The genius of the Inca was their ability to annex regions that could add knowledge or agricultural products that could expand their understanding of how to best use the resources and people they controlled. As a result, they quickly accumulated massive amounts of information more advanced than their own.

They became outstanding teachers, astronomers, weavers, builders, architects, farmers, and gold artisans. The magnificent buildings erected during Pachacutec’s 95-year reign were the high point of Inca construction. Less than a hundred years after his death, the Inca civilization collapsed due to ongoing civil war and the arrival of the Spanish conquerors.

High on the plateau above Cusco lies the complex ruins of Saqsaywaman, one of the most famous Inca sites visitors see. The most amazing aspect of the ruins is the massive stones used to build the walls fitted so perfectly together that even a piece of paper won’t slip between them.

The large stone in the photo weighs more than three hundred tons and has eleven angles where adjacent stones have been smoothed to fit into the angles.

Saqsaywaman was a complex of structures that served as protection for the main trail from the south to the Inca capital. Even today each solstice is marked with celebrations on the great plaza there. Our Qechua guide explained that it was also a place where knowledge such as astronomy could be taught.


Machu Picchu

Most people have heard of Machu Picchu, but without a written language at the time, its Inca name was lost. Machu Picchu is actually the name of the mountain that can be seen above the ruins. If you look closely, there are buildings at the top of the mountain as well.

According to our guide, it was one of Pachacutec’s unfinished projects set high above the jungles along the Urubamba River. When Hiram Bingham found it in 1911, the ruins were so overgrown that it could hardly be seen.
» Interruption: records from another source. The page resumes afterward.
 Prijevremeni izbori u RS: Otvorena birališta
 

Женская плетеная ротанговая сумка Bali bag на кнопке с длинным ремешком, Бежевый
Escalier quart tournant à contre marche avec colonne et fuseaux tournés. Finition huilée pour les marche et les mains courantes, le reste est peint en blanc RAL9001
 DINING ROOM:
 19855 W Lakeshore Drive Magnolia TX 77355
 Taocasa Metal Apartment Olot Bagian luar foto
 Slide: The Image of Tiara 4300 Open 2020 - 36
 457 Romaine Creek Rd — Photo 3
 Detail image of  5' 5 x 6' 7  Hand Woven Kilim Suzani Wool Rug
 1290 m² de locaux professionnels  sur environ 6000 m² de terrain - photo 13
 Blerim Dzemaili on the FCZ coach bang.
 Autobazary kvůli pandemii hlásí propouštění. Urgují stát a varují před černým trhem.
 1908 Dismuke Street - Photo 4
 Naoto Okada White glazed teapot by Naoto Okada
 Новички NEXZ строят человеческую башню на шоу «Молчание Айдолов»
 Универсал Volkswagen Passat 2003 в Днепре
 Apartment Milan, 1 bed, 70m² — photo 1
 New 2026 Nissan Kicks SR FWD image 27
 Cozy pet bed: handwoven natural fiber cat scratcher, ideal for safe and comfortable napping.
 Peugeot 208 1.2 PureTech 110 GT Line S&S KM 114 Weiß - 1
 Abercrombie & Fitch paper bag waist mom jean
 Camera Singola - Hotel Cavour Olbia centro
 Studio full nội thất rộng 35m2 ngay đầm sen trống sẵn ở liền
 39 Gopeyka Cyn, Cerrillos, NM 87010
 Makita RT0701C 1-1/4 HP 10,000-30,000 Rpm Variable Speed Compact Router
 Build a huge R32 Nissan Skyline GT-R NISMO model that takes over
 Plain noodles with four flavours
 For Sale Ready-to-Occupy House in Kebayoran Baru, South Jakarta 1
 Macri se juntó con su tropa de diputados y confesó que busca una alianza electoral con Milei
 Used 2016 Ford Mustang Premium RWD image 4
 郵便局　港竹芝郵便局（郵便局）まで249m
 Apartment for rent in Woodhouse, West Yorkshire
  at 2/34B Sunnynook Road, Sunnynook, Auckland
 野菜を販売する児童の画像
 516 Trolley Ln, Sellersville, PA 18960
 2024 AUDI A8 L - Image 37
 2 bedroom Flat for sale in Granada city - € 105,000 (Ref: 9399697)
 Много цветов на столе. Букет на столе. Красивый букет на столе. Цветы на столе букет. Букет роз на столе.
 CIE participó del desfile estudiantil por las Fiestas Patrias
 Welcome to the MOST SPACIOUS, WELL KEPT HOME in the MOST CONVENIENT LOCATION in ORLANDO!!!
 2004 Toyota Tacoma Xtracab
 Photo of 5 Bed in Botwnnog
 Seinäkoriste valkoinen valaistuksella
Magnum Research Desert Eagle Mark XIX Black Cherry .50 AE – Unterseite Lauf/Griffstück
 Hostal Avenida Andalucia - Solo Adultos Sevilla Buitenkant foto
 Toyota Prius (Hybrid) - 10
Visitors now can wander along the agricultural terraces and the roofless buildings that housed the four hundred people who lived there. Sadly, the nobles and the Inca royal family for whom it was built never resided there; it was never completed due to the civil war after Pachacutec’s death.

Machu Picchu’s most important function appears to have been as an astronomy complex for observing the motions of the sun, moon, and stars. Sitting more than a thousand feet above the valley floor, visitors arrive by minibus, which climb the hair-raising switchbacks and single-lane track to the visitor center.

This astonishing view awaits visitors from all over the world each year.